The country was formerly a strong Russian ally. However, tensions arose when Montenegro joined NATO in 2017 despite strong opposition from the Kremlin, and it has recently joined Western sanctions against Russia for its invasion of Ukraine.
Russia has, as a result, added Montenegro to its list of “enemy states”, so it’s easy to see why it would target the country’s government in a cyber attack.
Montenegro’s ANB (Agency for National Security) said the country is “under a hybrid war at the moment”.
Dusan Polovic, a government official, said: “I can say with certainty that this attack that Montenegro is experiencing these days comes directly from Russia.”
However, research from VX-Underground found that the Cuba Ransomware Team had taken credit for the attack. Although the group has links to Russian-speaking hackers, the researchers are sure that the criminal gang is not state-sponsored.
That doesn’t rule out the prospect of the attack being politically motivated. It could have been the work of independent, pro-Russian forces that want to support their country – although it’s just as likely that this was another indiscriminate attack against an easy target.
Either way, the attacks continue, with the US Embassy in Montenegro issuing a warning to Americans in the country, stating that the ongoing assaults could disrupt essential services.
“The attack may include disruptions to the public utility, transportation (including border crossings and airport), and telecommunication sectors,” it said.
Energy firm Encevo crippled by ransomware
Encevo became the latest energy giant to fall victim to ransomware last month after it was targeted by the cyber criminal gang BlackCat.
The Luxembourg-based conglomerate’s systems were disrupted for two weeks following the attack, although it confirmed that energy supplies were not affected.
According to a blog that the attackers posted on their dark web site, the ransomware gang claimed to have stolen 150GB of data, including contracts, agreements, passports, bills and emails.
The attack followed intrusions into two Encevo Group subsidiaries the previous week, with the electricity network and gas pipeline operator Cros and the energy supplier Enovos facing disruption to their customer-facing portals.
It later transpired that the attacker had exfiltrated data and rendered several computer systems inaccessible.

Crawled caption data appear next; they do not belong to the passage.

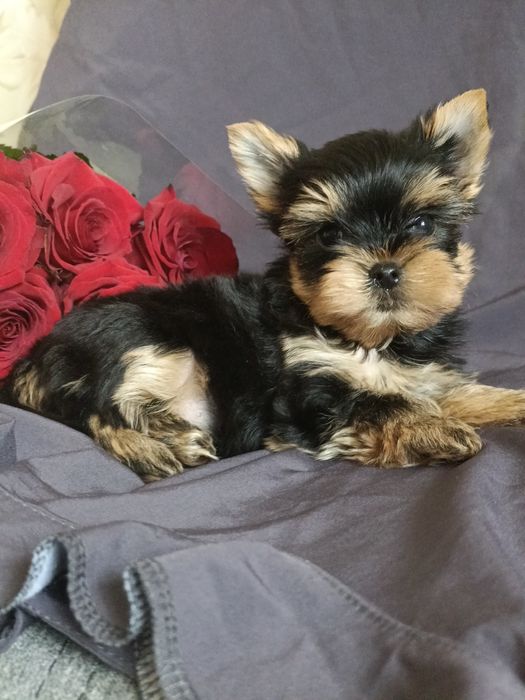 Неймовірно крутезний хлопчик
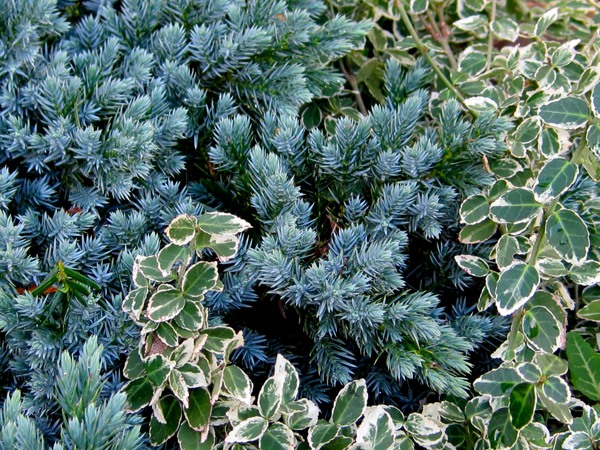 Blue Star Juniper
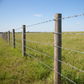 GI Barbed Wire
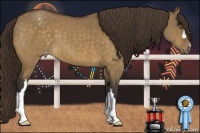 Horse Color:Buckskin Dun Appaloosa Brindle 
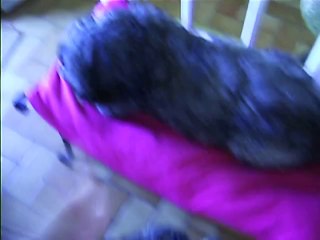 Jaudy poursuit Babylone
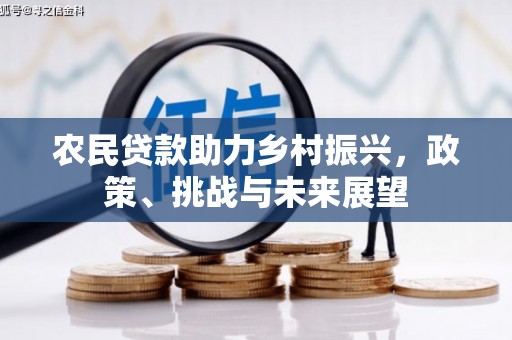 辽源农民贷款助力乡村振兴，政策、挑战与未来展望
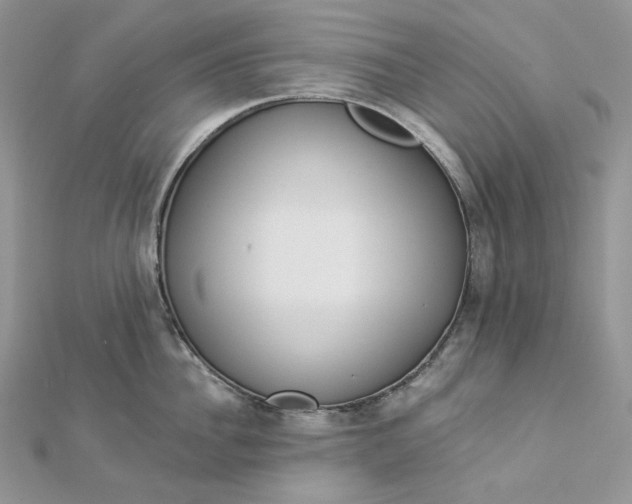X0000112890956200909041659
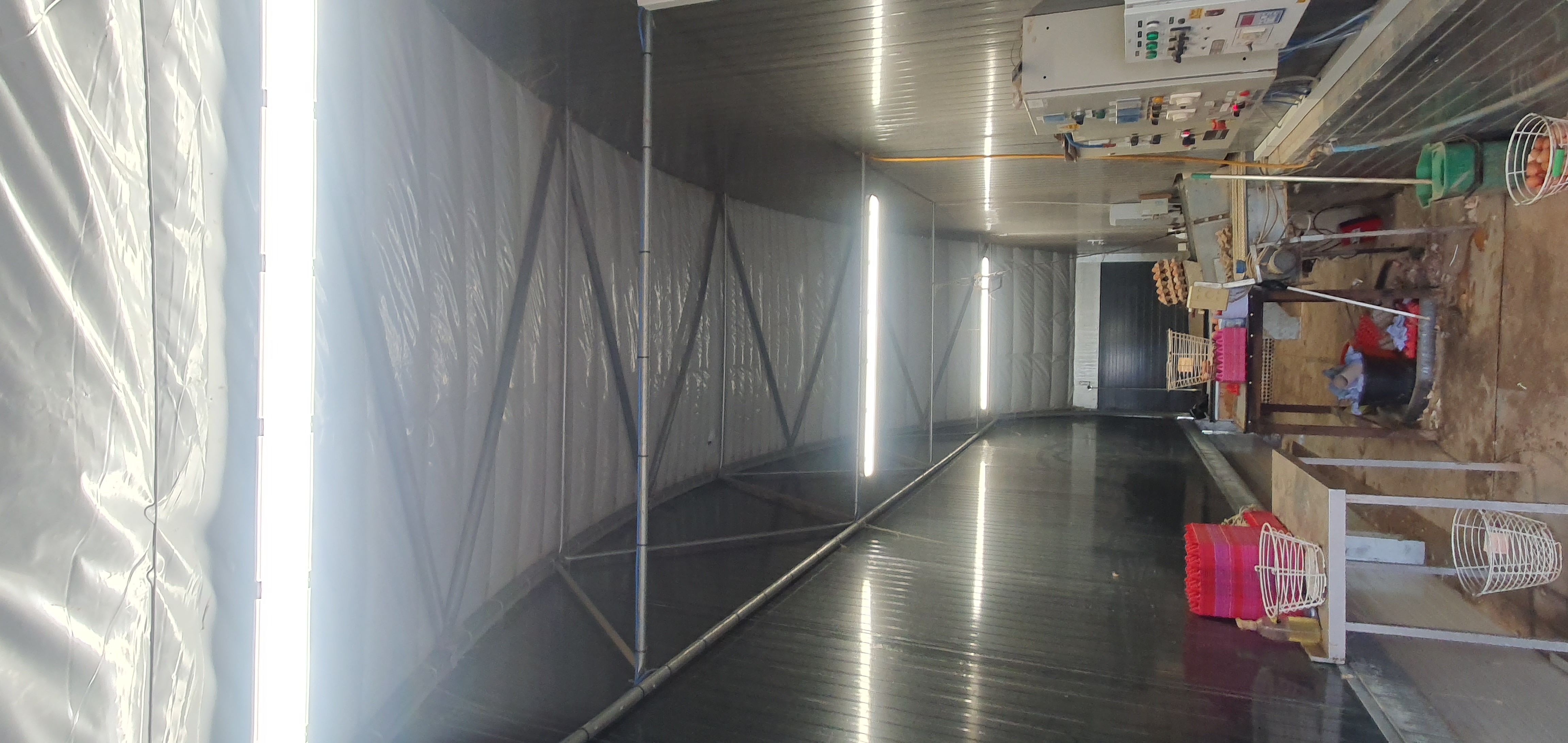 Strip lighting running the length of an insulated poultry building with a control panel on the wall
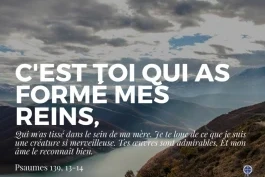 Votre nourriture quotidienne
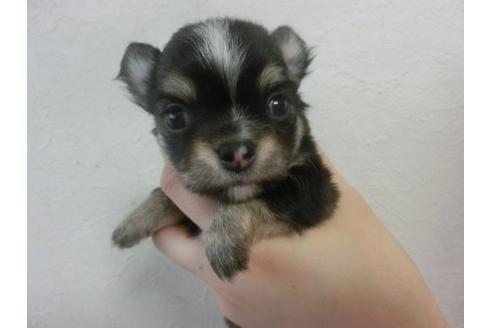 成約済の福岡県のチワワ-22642の2枚目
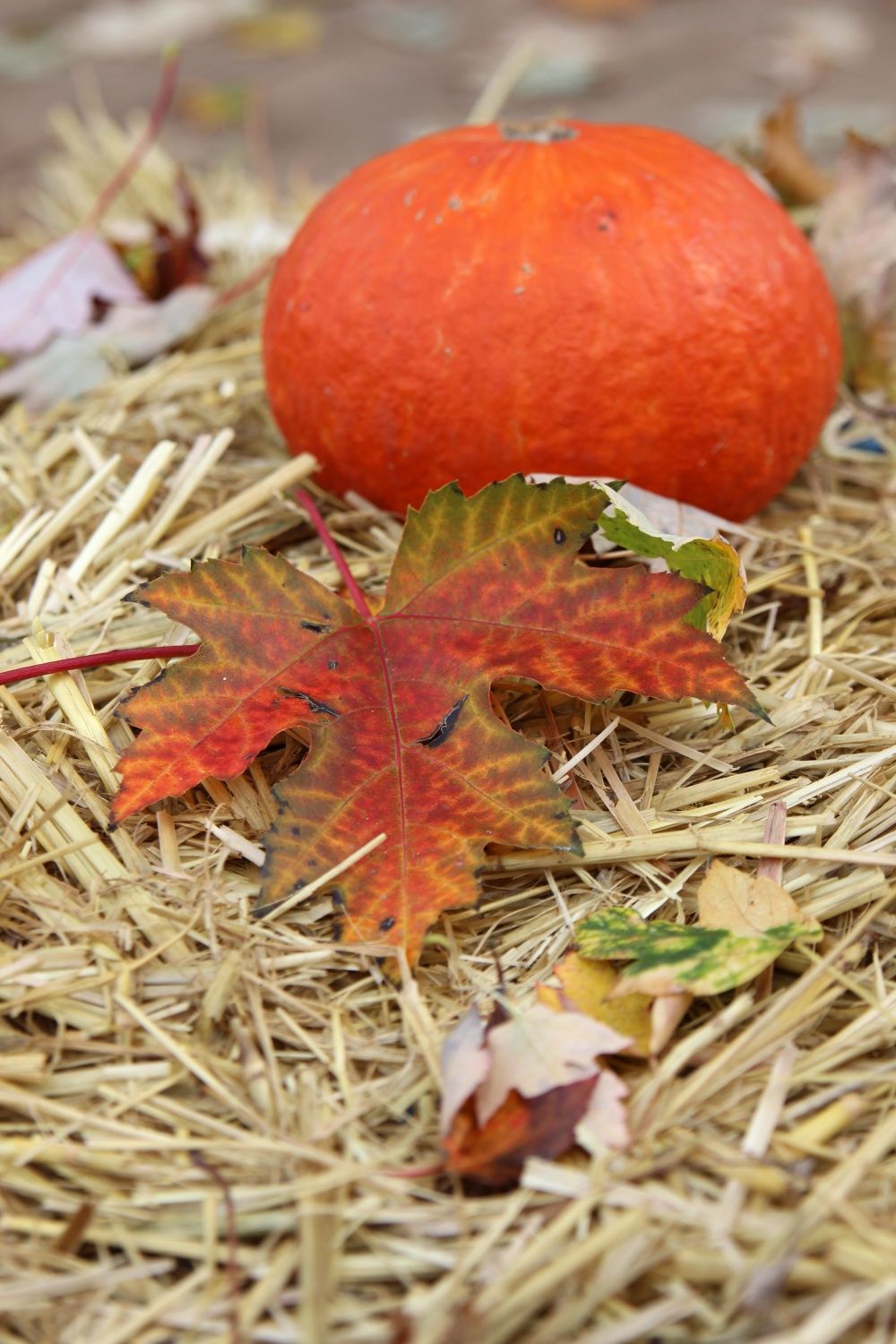 Kürbis Herbststimmung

Twilio caught out by SMS phishing scam
The tech giant Twilio, which provides text message notification services, was recently caught out by an SMS phishing scam.
SMS phishing (or ‘smishing’) is a long-established technique among fraudsters. As with email phishing, fraudsters impersonate a legitimate company in a message that tricks the recipient into following a bogus link.
In this case, the criminal hackers masqueraded as the IT service management firm Okta (which, coincidentally, got caught out by a scam just like this in March). The text message told Twilio employees that they were required to log into their accounts again because their previous session had expired.
The SMS contained a link to a login page that faithfully recreated Okta’s legitimate site. At least one employee fell for the scam, handing over their credentials to the scammer.
Twilio provided an example of one of the fraudulent text messages.
The security breach was discovered four days later, on 8 August, by which time the fraudsters would have been able to exfiltrate vast amounts of sensitive information.
According to Twilio’s statement, the scammers had access to customers’ physical and IP addresses, payment card details, proof of identity and email addresses.
The organisation added that it was working with US mobile phone providers “to shut down the actors and worked with the hosting providers serving the malicious URLs to shut those accounts down”.
It added that “the threat actors seemed to have sophisticated abilities to match employee names from sources with their phone numbers.”